[Stored data Boundary: Start]

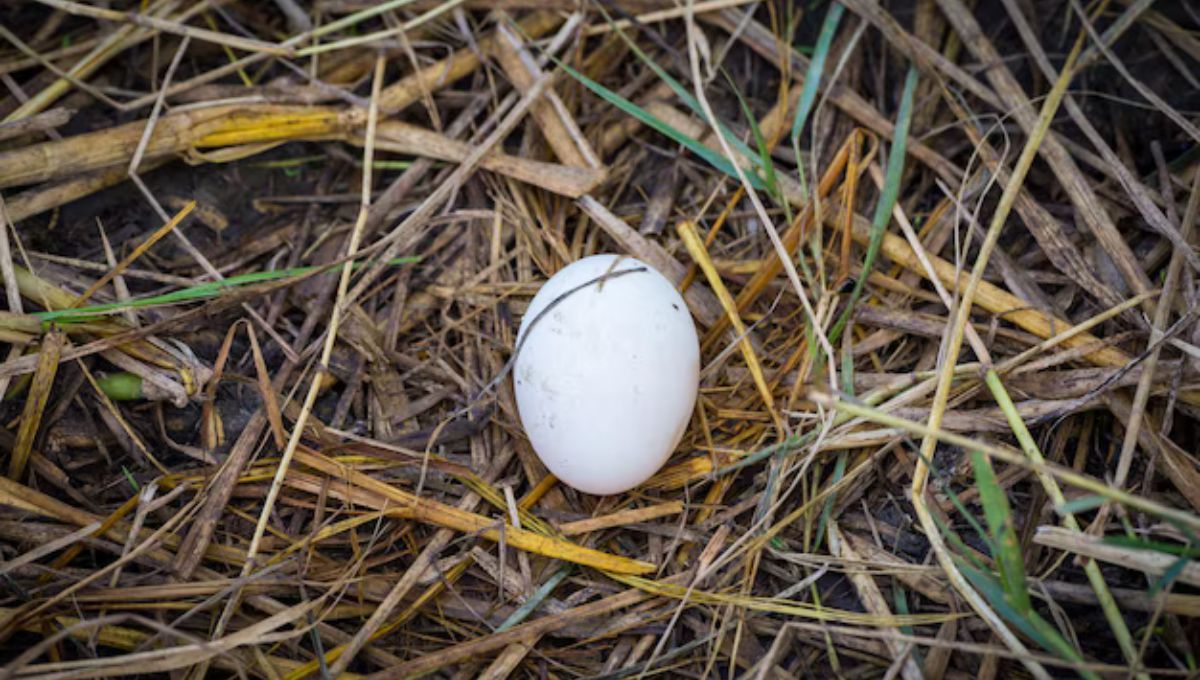 Clavar un cuchillo en la tierra también es un ritual común para detener la lluvia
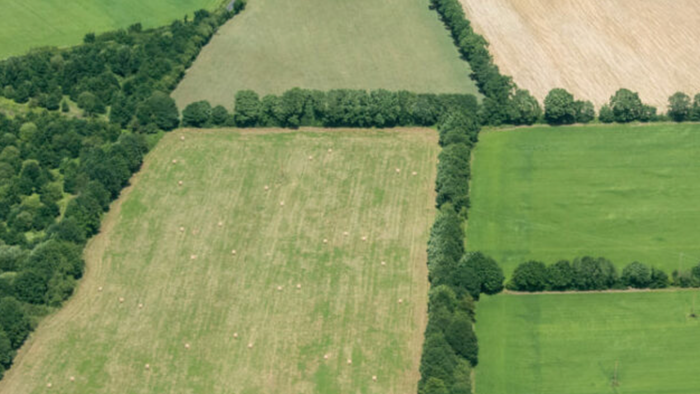 Vue aérienne de champs agricoles soigneusement divisés, bordés de haies d'arbres.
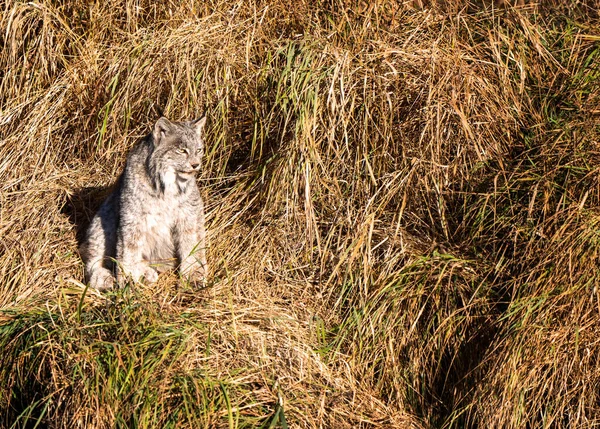 Lynx Wild Riding Mountain National Park Canada — стоковое фото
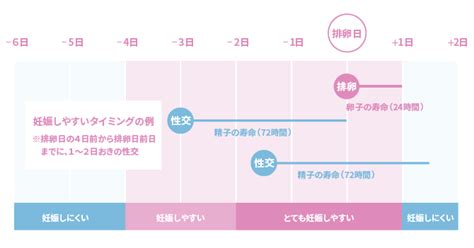 【医師監修】子作りを考える人の妊活はじめてガイド。タイミング法とは？エレビットの葉酸サプリは根拠がある葉酸800μg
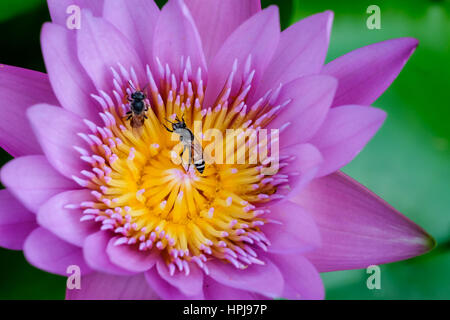 Close-up fiore. Una bellissima Ninfea viola o fiore di loto Foto Stock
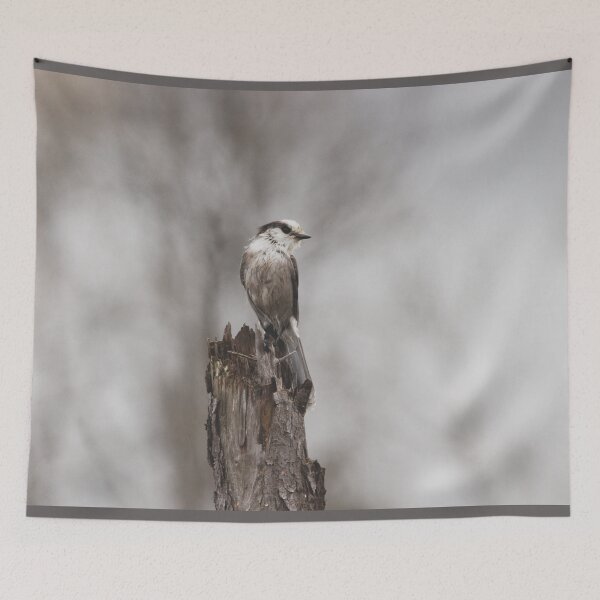 Item preview, Perched Grey Jay Bird designed and sold by Natural-Habitat.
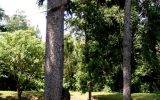 2003-05 Land Art - Pordenone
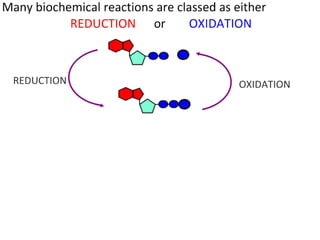 Cell Respiration (8.1 & C3)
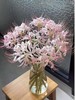 国产稀有小众花材红蓝石蒜/香石蒜/粉石蒜10支 商品缩略图8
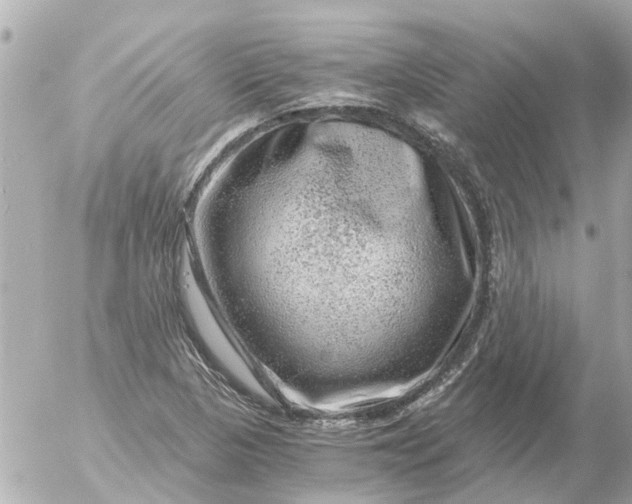 X0000056321313200509092252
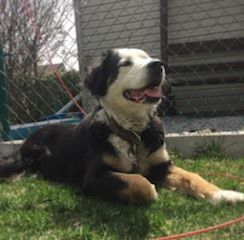 BELLE, a Adoptable mixed breed image 3/4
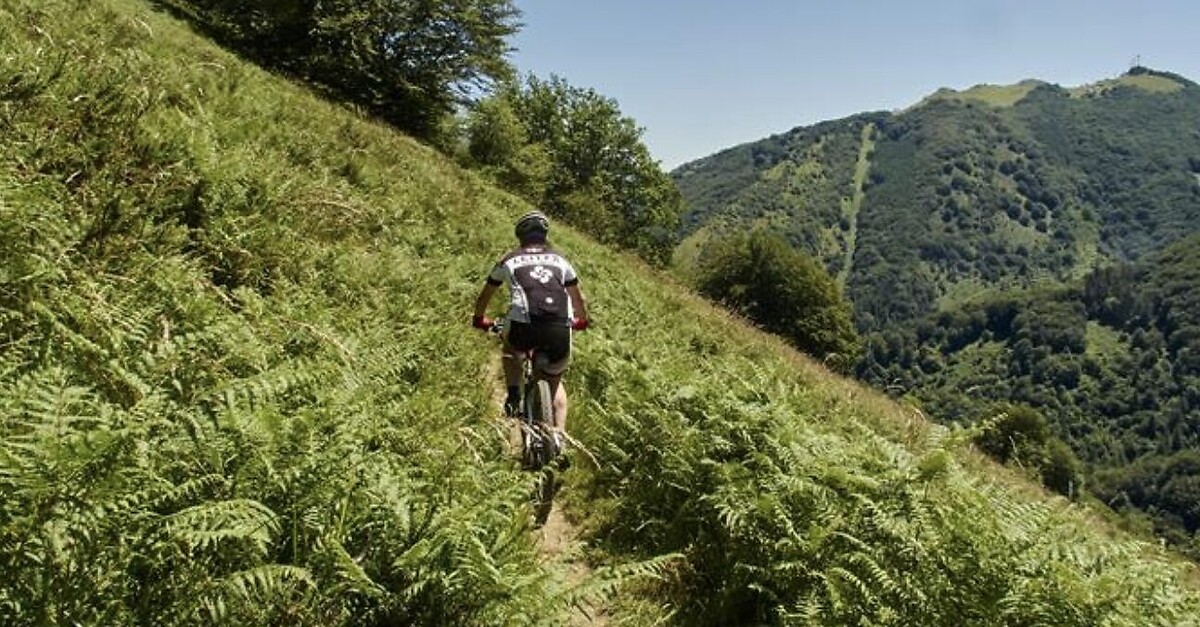Vía Verde del Plazaola BERGFEX Wanderung Tour Navarra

[Stored data Boundary: End]

Exercise objective:
Without changing a word, retype every entry above, but drop its pictures.

Written solution:
 Clavar un cuchillo en la tierra también es un ritual común para detener la lluvia
 Vue aérienne de champs agricoles soigneusement divisés, bordés de haies d'arbres.
 Lynx Wild Riding Mountain National Park Canada — стоковое фото
 【医師監修】子作りを考える人の妊活はじめてガイド。タイミング法とは？エレビットの葉酸サプリは根拠がある葉酸800μg
 Close-up fiore. Una bellissima Ninfea viola o fiore di loto Foto Stock
 Item preview, Perched Grey Jay Bird designed and sold by Natural-Habitat.
 2003-05 Land Art - Pordenone
 Cell Respiration (8.1 & C3)
 国产稀有小众花材红蓝石蒜/香石蒜/粉石蒜10支 商品缩略图8
 X0000056321313200509092252
 BELLE, a Adoptable mixed breed image 3/4
Vía Verde del Plazaola BERGFEX Wanderung Tour Navarra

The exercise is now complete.